I have to agree with Anon, Paul.

In the 2001 Core Review, the main message in the 200+ submissions was not a demand for radical restructuring and cuts (only Doug Walls' Community Living Coalition proposed that). The main messages way back then were A) that the Ministry was underfunded and B) badly run/organized.

The dollars that have just been restored don't come close to where MCFD was in 2001, while caseloads and demands have grown exponentially, with an aging population of adults with DD, an explosion of children with autism, etc. The lack of serious commitment has been the problem with MCFD from Day 1 -- it costs money to serve these groups, just like it costs big money to build RAV & new highways, and the long-term costs of not paying now are far higher.

And re the suggestion that Mr Campbell and the BC Liberals weren't aware of how bad things were, don't buy that for a minute. Mr Hughes was just being polite.

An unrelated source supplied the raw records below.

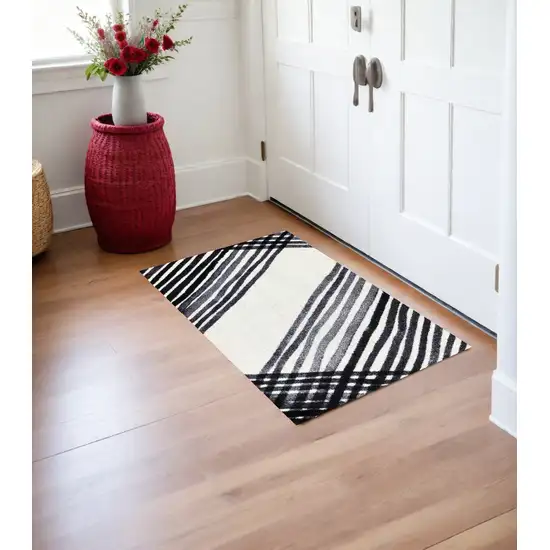 Black and Gray Abstract Arrow Washable Floor Mat Photo 1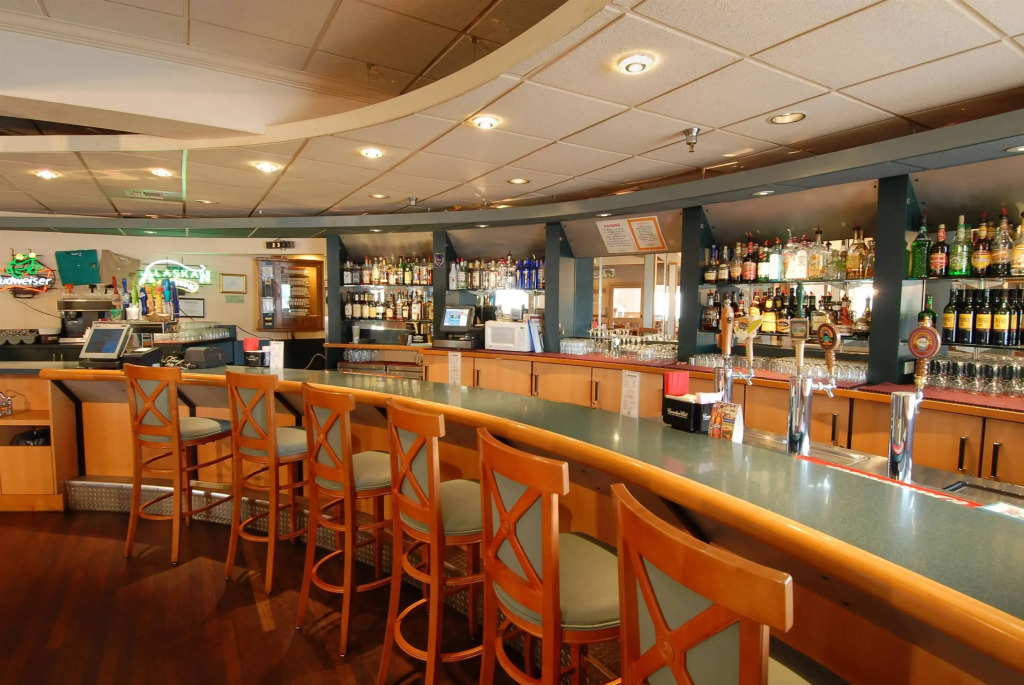 The Landing Hotel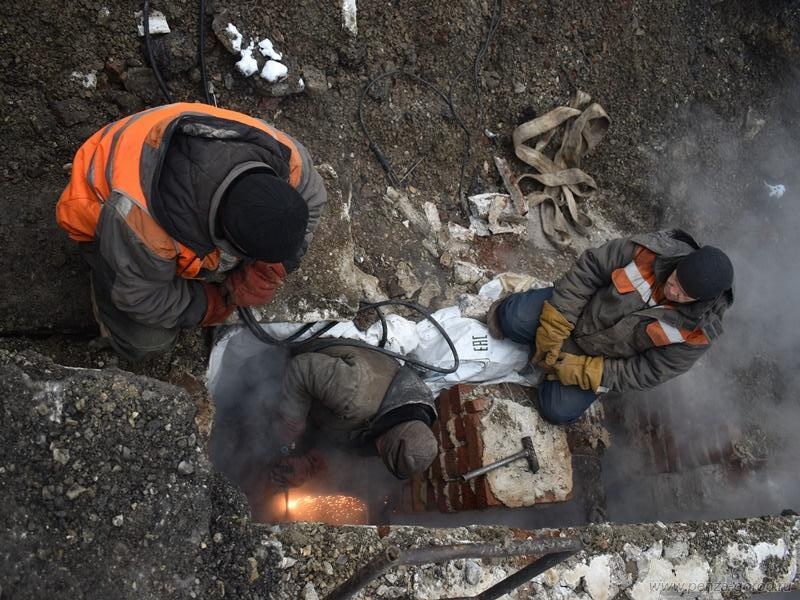 В Пензе отремонтировали теплотрассу на улице Герцена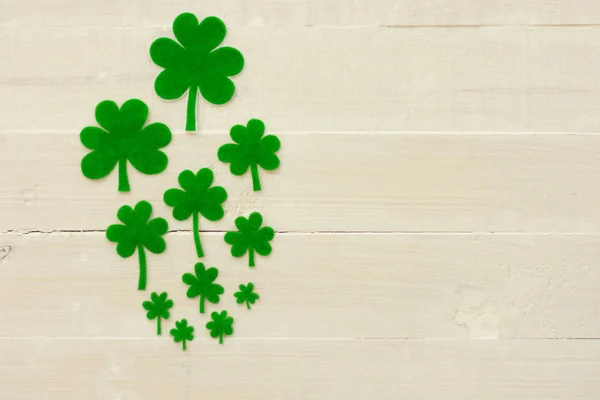 Ahşap bir adam üzerinde yeşil yoncaları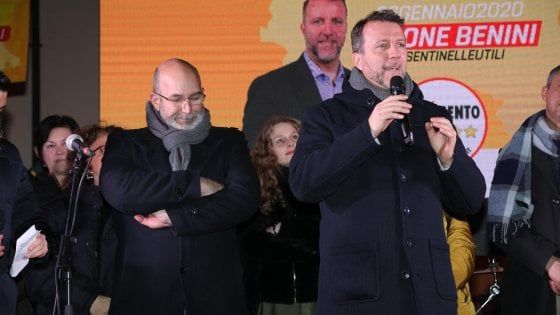 Elezioni regionali 2020, M5s destinati alla sparizione in Emilia Romagna e Calabria. Crimi: "Non ci arrendiamo, ma restiamo uniti"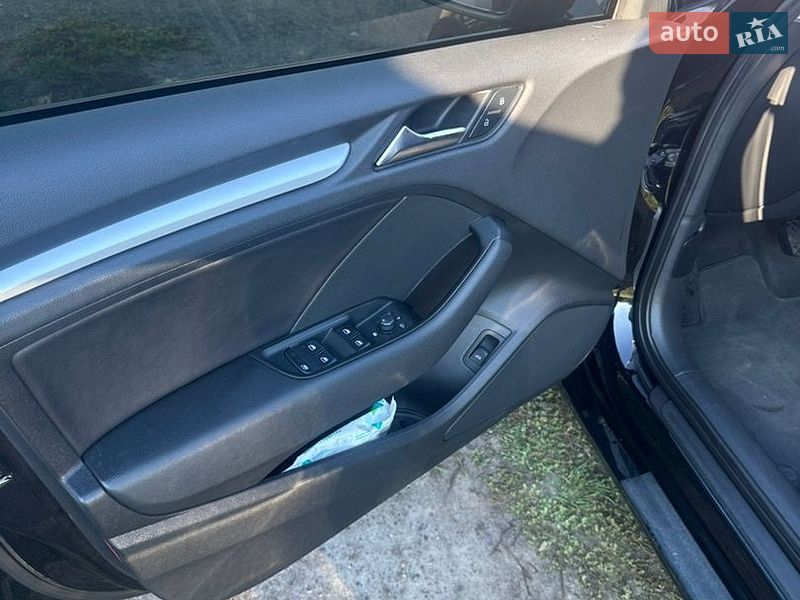 Седан Audi A3 2016 в Рівному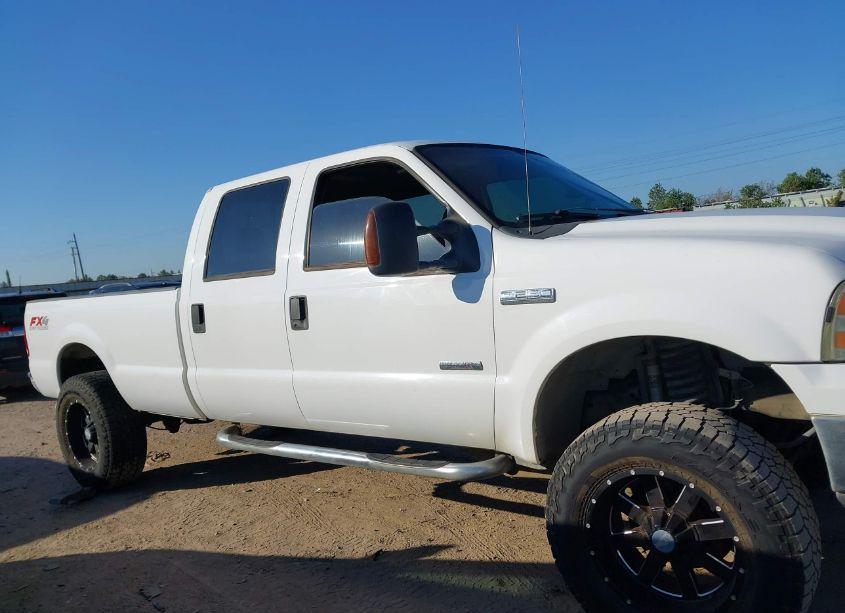 Photo 13 of 2005 Ford F-250 LARIAT/XL/XLT (VIN 1FTSW21P35EB06192)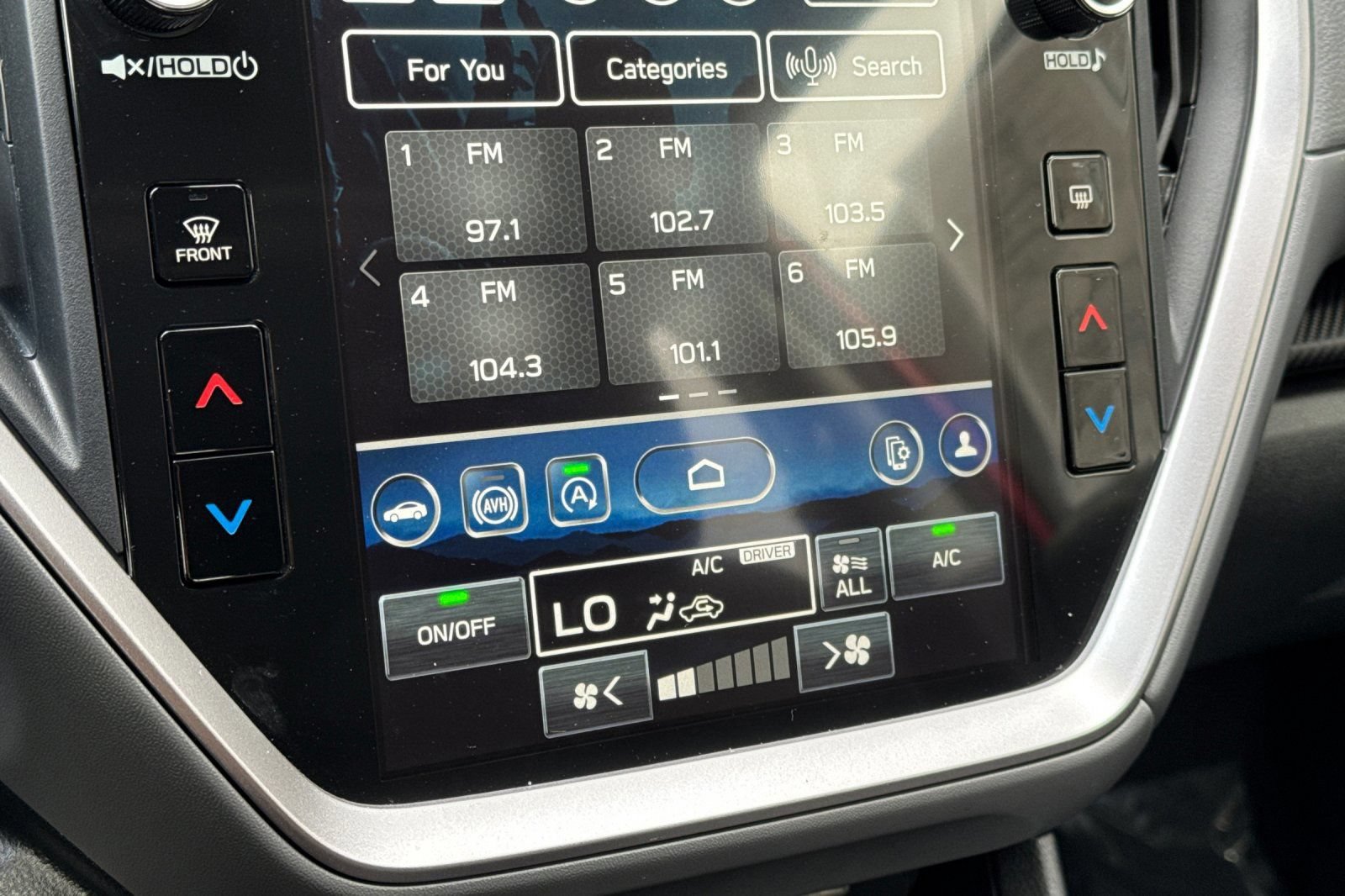 Certified 2025 Subaru Crosstrek 2.5i Premium AWD/4WD image 23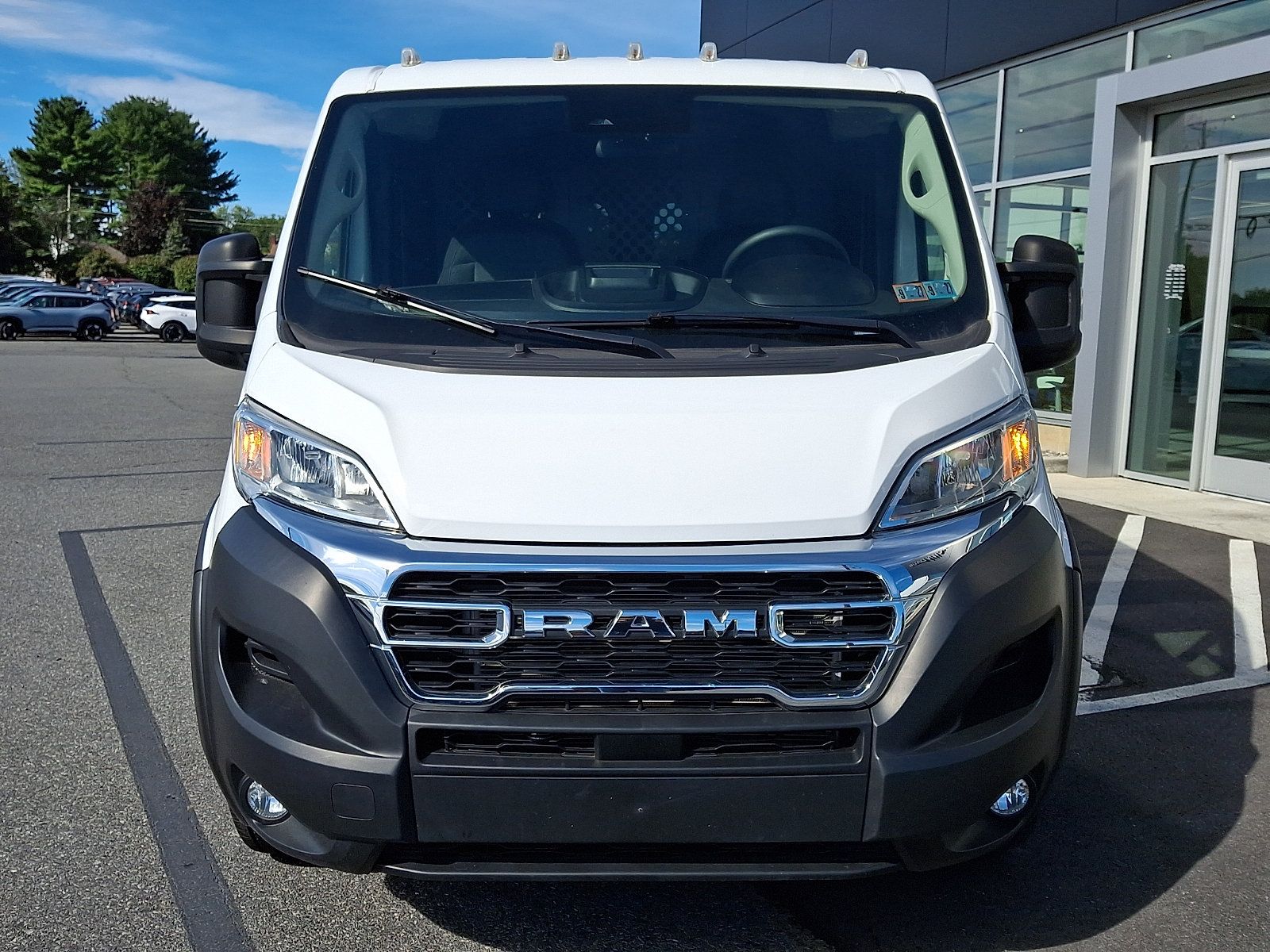 Used 2025 RAM ProMaster 2500 w/ U-Haul Equipment Group FWD image 2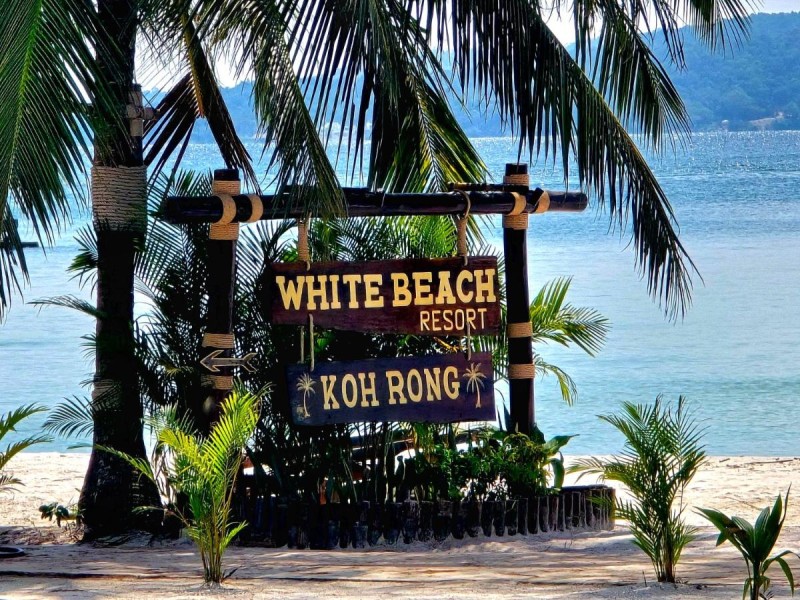Image: White Beach Resort Longset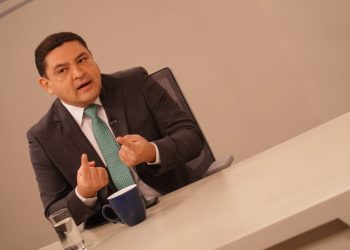 Javier Argueta asegura que en el pasado el sistema fue creado para proteger la corrupción de ARENA y el FMLN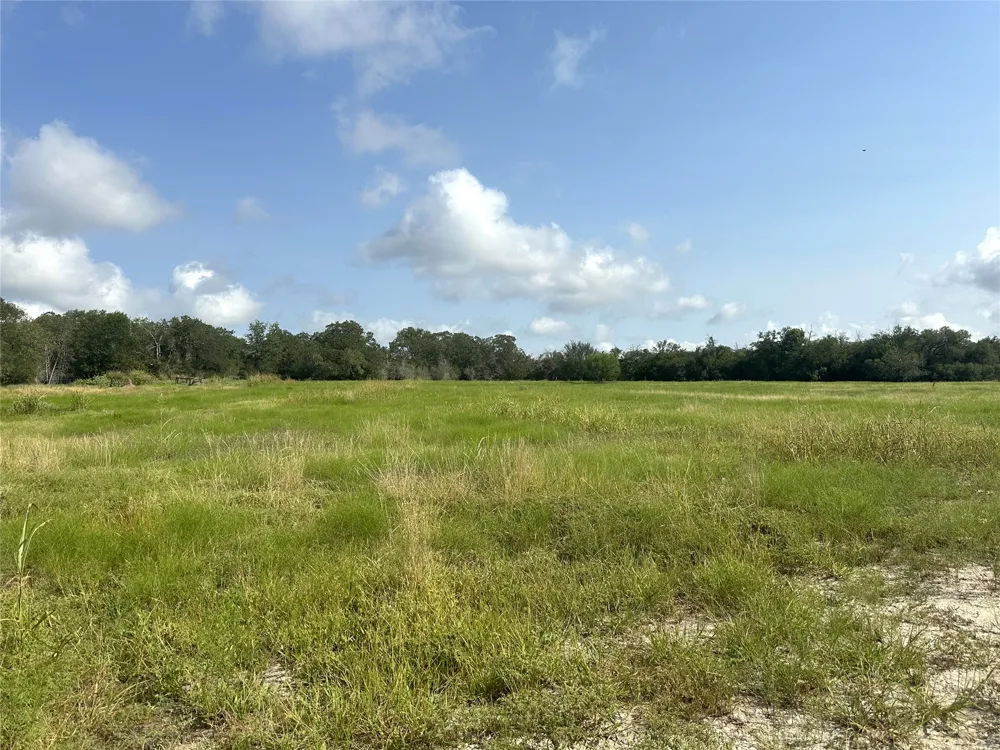 8345 Farm To Market 2145 La Grange, TX 78945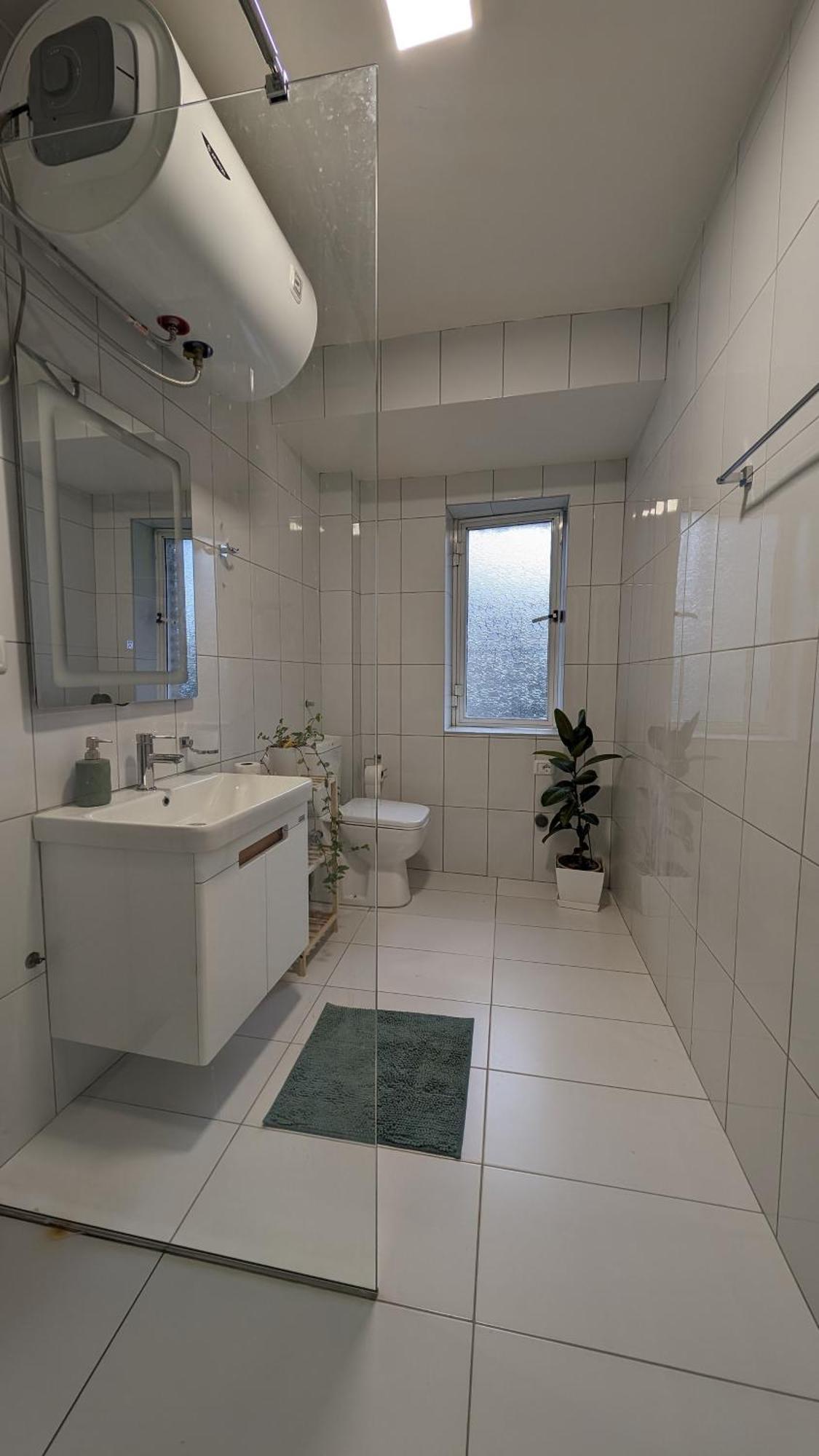 Modern Cozy Apartment 10 Min Walk To Skanderbeg Square Тирана Екстериор снимка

Having witnessed the vast amount of energy that has gone into very deliberate and sophisticated spin to maintain the illusion that all was well these past four years (and that is still going on, it has become so instinctive & reflexive!), there is no doubt whatsoever that this was intentional. When you go to meeting after meeting and consultation after consultation and you see every single report and announcement so superbly "on message," you know you're not dealing with a disorganized incompetent lot.

And remember that it was not just parents & the odd heroic agency head ranting & raving -- they heard the same warnings and the same concerns from all their own internal and external experts -- going right back to the international panel who were asked to comment on Walls' devolution model back in September 2002. I still have their reports and Hughes basically affirmed what they all said way back then: You can't restructure in a period of fiscal restraint because it takes more resources (lots more!) not less, and trying to do both together is asking for disaster.

So why did they go ahead? Simple: the plan was to have devolution done by the time the budget cuts kicked in, by which time they could blame all the problems on the community authorities who were supposed to be in charge! The one thing they misjudged was Walls' ability to deliver.